* **Records for processing**:
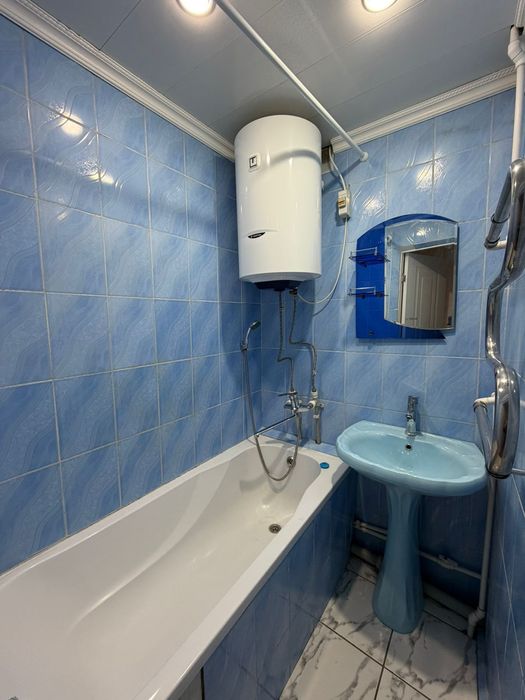 продам 2 х комн по Абая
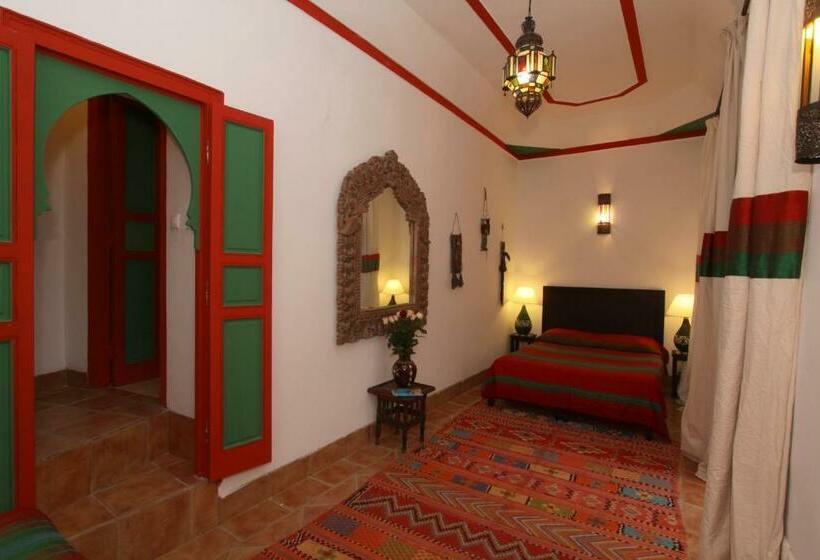 اتاق سوپریور, Riad Karmela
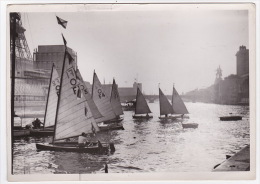 17 Oct. 1937 - Paris - Exposition Internationale - Manifestation Du Yachting Motor Club De France ... Photo De Presse - Lieux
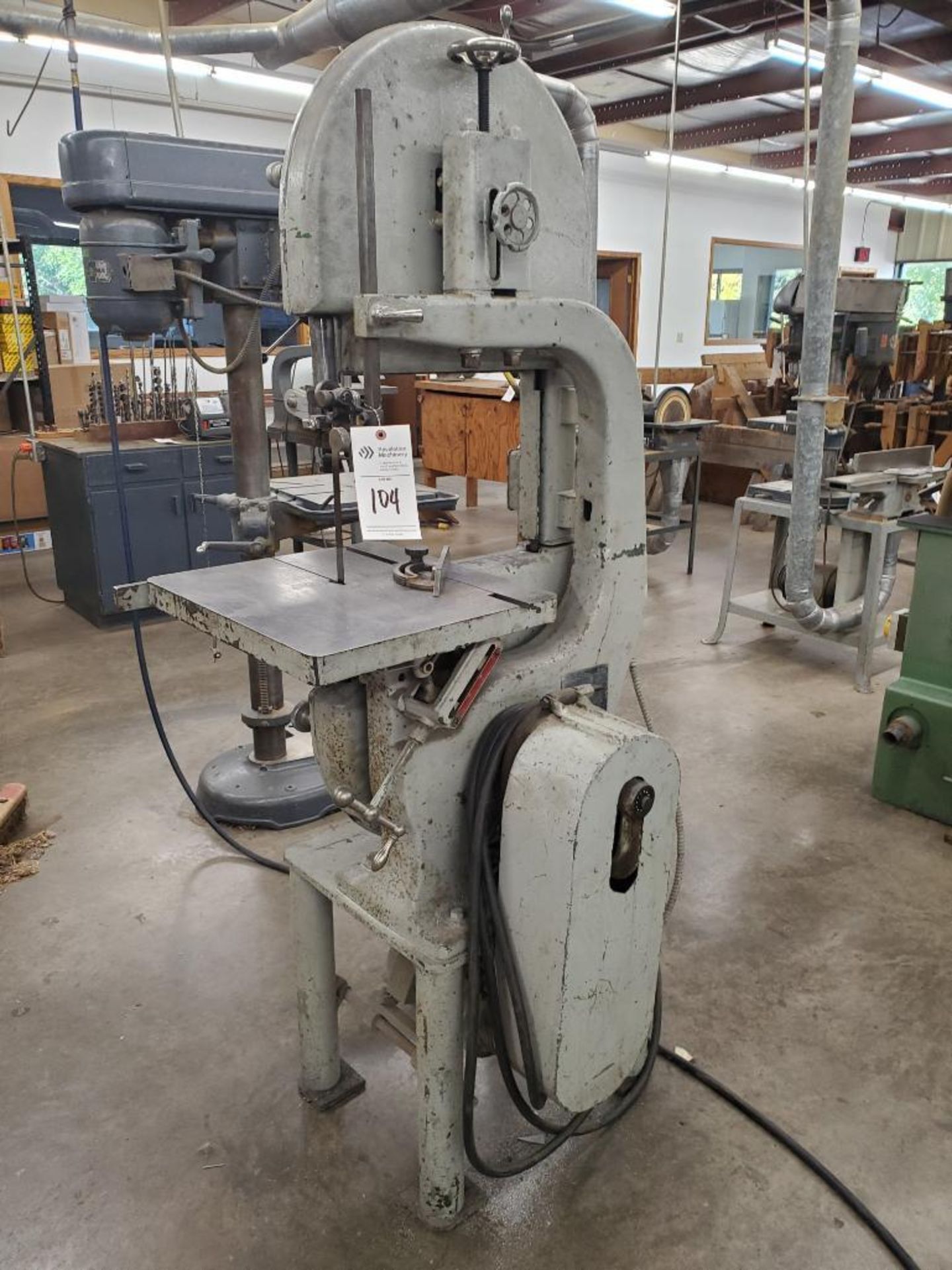 WALKER TURNER BANDSAW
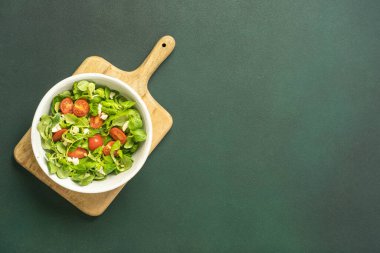 Yeşil tahtada çam fıstığı ve domatesli taze salata. Yüksek kalite fotoğraf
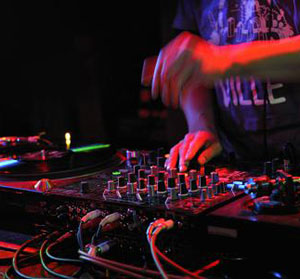 水乡小夜曲（方流洪词 陈茉玲曲）音乐简谱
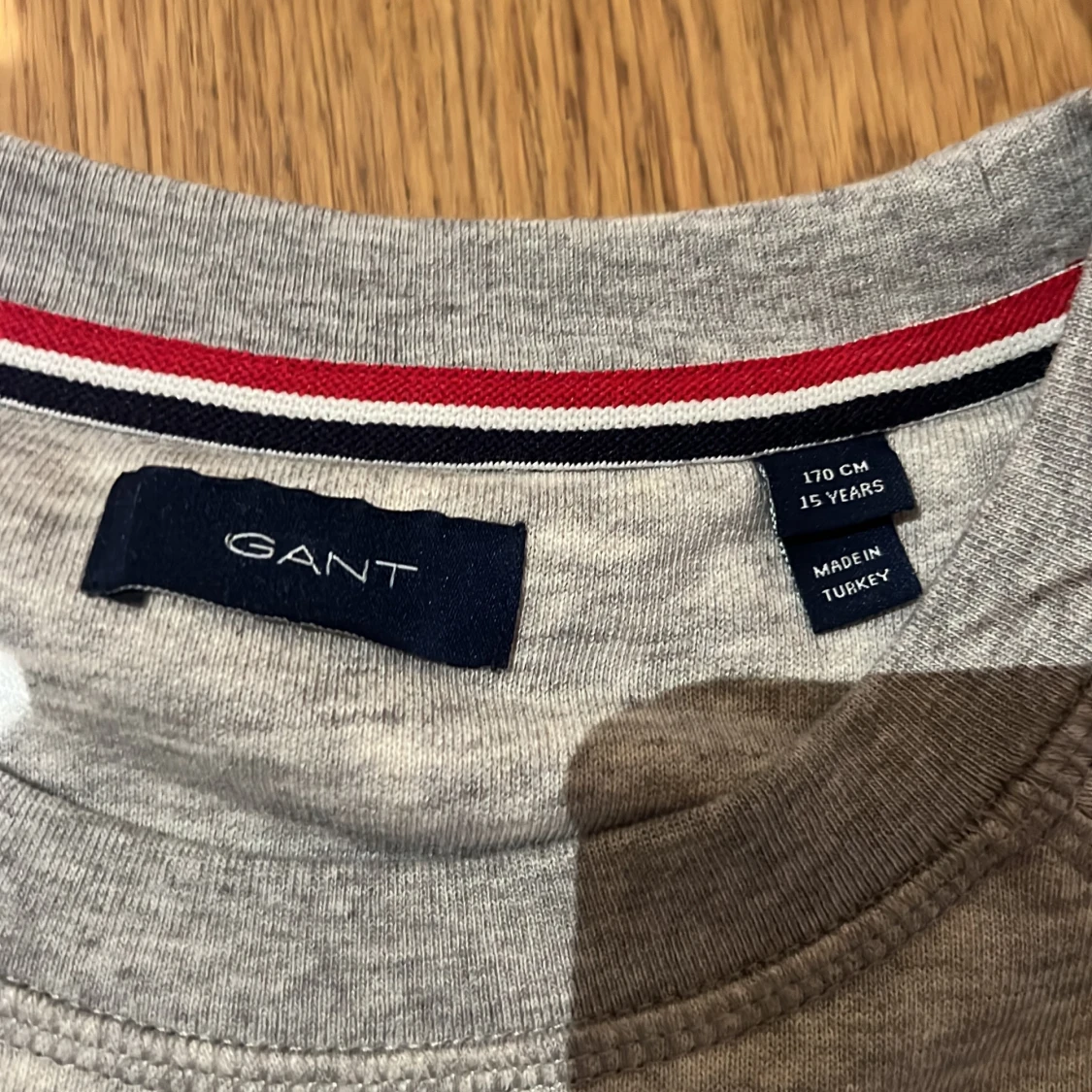 Grå sweatshirt från GANT med logga - 2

* **Exercise prompt**:
An exact reproduction of all the records is required, with no pictures included.

* **Exercise output**:
 продам 2 х комн по Абая
 اتاق سوپریور, Riad Karmela
 17 Oct. 1937 - Paris - Exposition Internationale - Manifestation Du Yachting Motor Club De France ... Photo De Presse - Lieux
 WALKER TURNER BANDSAW
 Yeşil tahtada çam fıstığı ve domatesli taze salata. Yüksek kalite fotoğraf
 水乡小夜曲（方流洪词 陈茉玲曲）音乐简谱
 Grå sweatshirt från GANT med logga - 2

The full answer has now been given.